Commenting that, “I think you see where this is going,” you “cut to the chase” by picking up the remaining cards and turning them over en masse, showing that all of the cards were sorted correctly by the spectator!
(It’s truly that clean and direct. If you wish, you can literally perform this in under a minute and its impact is beyond belief. Also, consider that at no time do you touch the cards during the spectator’s sorting process or give any instructions as she deals the cards. I sincerely feel this is as direct and clean as OOTW can be. But wait — there’s more.)
PHASE 2: “O.K. — that’s pretty cool, isn’t it? You are a remarkably intuitive person — you’re great to work with.” As this is said, you gather and square up the cards.

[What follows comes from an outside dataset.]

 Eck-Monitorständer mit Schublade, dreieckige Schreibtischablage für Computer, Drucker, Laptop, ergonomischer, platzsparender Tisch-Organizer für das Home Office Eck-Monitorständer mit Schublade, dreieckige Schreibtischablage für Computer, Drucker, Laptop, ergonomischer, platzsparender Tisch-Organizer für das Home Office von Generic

“Let’s try something a little more difficult.”
You remove another playing card from your pocket, and it is seen to be an Ace of Spades.
“What color is this card?”
Of course, the spectator says, “Black.”
“Well, I’m going to try and influence you to think it’s a Red Card.”
You insert the AS into the group of cards and, depending on your presentational style, shuffle or deliberately rearrange them.
You square up the cards, turn them face down, and hand them to your assistant, as in the first phase, with the same “follow your intuition” instructions you gave before.
She is then to deal the cards into two fairly equal piles, as the first time. (BTW, if you’re “thinking method” as you read the effect, consider that you could actually turn your back as she deals the cards.)
After she is done dealing the cards, you ask her, “Which pile do you think you dealt the Black Cards to?” You pick up the pile she indicated, and smile in a way that indicates she is correct.
As you mention that you attempted to influence her to deal just Black Cards to this pile, “like last time,” you turn over one card, then another, then another, etc., from the top of that pile and they are all seen to indeed be Black Cards.
“You were correct — as you can see, these are all Black Cards.”
You then pick up the pile on the table and place it with the remaining cards still in your hand. Continuing the same motion, you turn the combined packet face up and place it on the Black Cards you already dealt.
You continue, “But, as you’ll see, it’s the Red Cards that are now the most interesting,” as you then ribbon spread all of the cards to show a solid bank of nine Black Cards and the Ace of Spades residing in the middle of the group of all Red Cards!
“You see — you must have thought the Ace of Spades was indeed a Red Card.”